● YOUR INSTRUCTIONS
For the data below, transcribe the part that opens with the line containing "null A pair" and closes with the line containing "Un dormitorio con", exactly and with no pictures.

● RECORDS TO USE
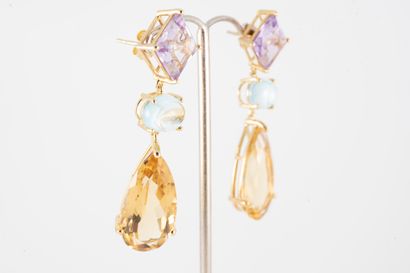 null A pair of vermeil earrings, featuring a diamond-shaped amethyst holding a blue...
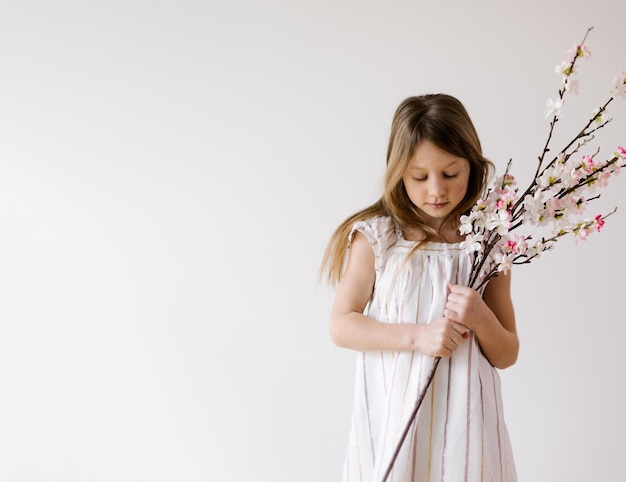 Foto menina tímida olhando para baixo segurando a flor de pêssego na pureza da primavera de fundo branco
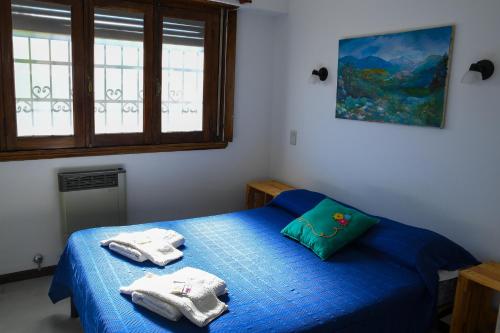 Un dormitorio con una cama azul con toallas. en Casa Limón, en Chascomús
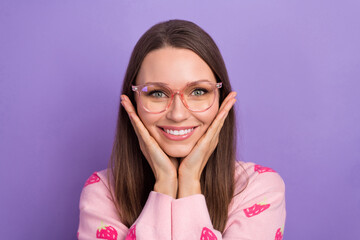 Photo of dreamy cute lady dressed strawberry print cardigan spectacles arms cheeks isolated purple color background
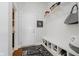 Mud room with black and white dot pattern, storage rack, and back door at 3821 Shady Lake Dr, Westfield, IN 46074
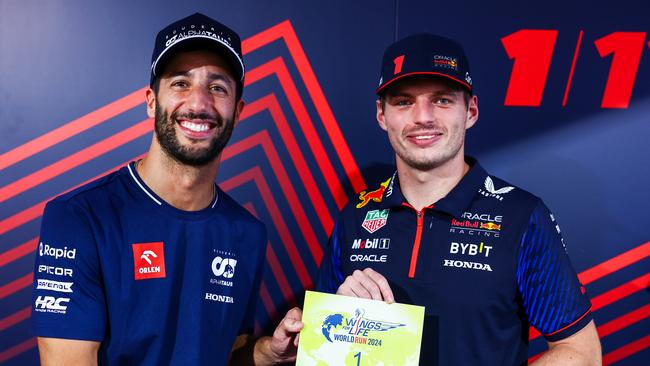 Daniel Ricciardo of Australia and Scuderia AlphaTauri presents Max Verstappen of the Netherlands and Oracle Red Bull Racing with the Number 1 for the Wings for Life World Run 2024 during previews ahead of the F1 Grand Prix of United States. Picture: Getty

---

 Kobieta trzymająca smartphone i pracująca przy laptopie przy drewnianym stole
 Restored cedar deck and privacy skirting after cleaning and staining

● RESULT OF THE TASK
 null A pair of vermeil earrings, featuring a diamond-shaped amethyst holding a blue...
 Foto menina tímida olhando para baixo segurando a flor de pêssego na pureza da primavera de fundo branco
 Un dormitorio con una cama azul con toallas. en Casa Limón, en Chascomús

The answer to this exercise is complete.